Se os princípios morais de um cidadão podem fraquejar, é certo que os dos governos oscilam de acordo com a latitude e a longitude. A rádio BBC, de Londres, comentando a viagem de Lula à África Ocidental, incluindo Camarões, Nigéria, Gana, Guiné-Bissau e Senegal, diz que o Brasil minimiza a corrupção porque está de olho na ONU e na Organização Mundial do Comércio.
Da ONU quer um lugar permanente no Conselho de Segurança, pretensão sempre aplaudida e nunca concedida. Só a China abriu o jogo, dizendo que é contra. A reivindicação já existia nos tempos de Fernando Henrique Cardoso e a concessão de uma cadeira no conselho a um país como o nosso significa dar mais equilíbrio ao órgão da ONU que tem poder de veto. Lá, mandam os grandes. Os mais fracos obedecem ou curvam a cabeça. Trata-se, portanto, de uma importante reivindicação de política internacional e faz bem o governo Lula quando luta por uma vaga.
No que tange aos propósitos comerciais do Brasil, trata-se de uma estratégia para unir os países pobres contra o protecionismo dos países ricos.
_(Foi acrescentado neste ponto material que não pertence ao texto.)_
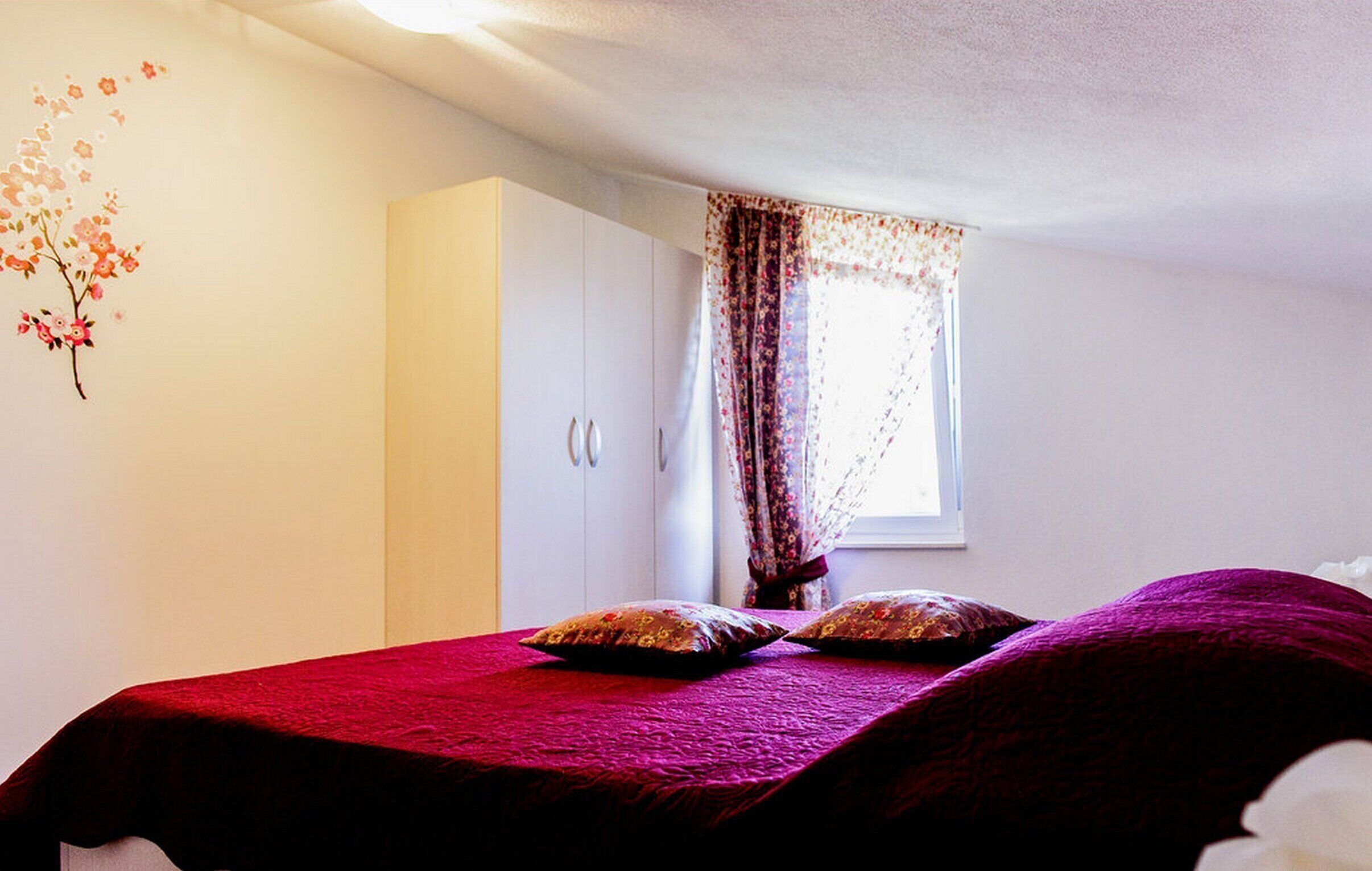 A bedroom with a bed, a wardrobe, and a window with curtains.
Estes usam e abusam de subsídios para beneficiar seus produtores e produtos, em detrimento dos nossos, que acabam negociados em desvantagem no mercado internacional. Do que se duvida é se países como os africanos referidos têm algum peso econômico e político representativo para, somando-se ao Brasil, engrossar o nosso arsenal de armas para arrancar um comércio mais justo e equânime. Ficaremos com pouco mais do que arco e flecha, pois Camarões, Gana, Guiné-Bissau, Senegal e Nigéria (este um país com um pouco mais de expressão comercial) têm pouquíssimo significado no comércio global. Pouco produzem, pouco comerciam, mais precisam do Brasil do que podem nos beneficiar e são, em geral, governados por grupos corruptos. Mais corruptos que os que por aqui vicejam.
O ministro do Desenvolvimento, Luiz Fernando Furlan, entende que a viagem à África pode levar a negócios de mais de US$ 1 bilhão. Acrescentou que podemos vender equipamentos e aviões, e cooperação na área agrícola, por exemplo. Um bilhão é quase nada, tanto mais se compararmos esse número com a doação de US$ 500 mil que o Brasil pretende fazer, para reestruturação das forças armadas de Guiné-Bissau, um país de língua portuguesa. O ministro Celso Amorim adverte que essa ajuda será para reestruturação e que não significa que lhes daremos armas. E ficamos a pensar se esse dinheiro não faz falta às nossas cada vez mais sucateadas forças armadas.
O governo brasileiro, sem capacidade para se aliar aos grandes, está imaginando montar uma miniforça-tarefa com os pequenos, fechando os olhos para seus governos corruptos e para a pequenez dos negócios que possam nos oferecer. Tudo para que o Brasil tenha assento no Conselho de Segurança da ONU e apareça perante o mundo como líder dos pobres. Há alguma vantagem efetiva nisso?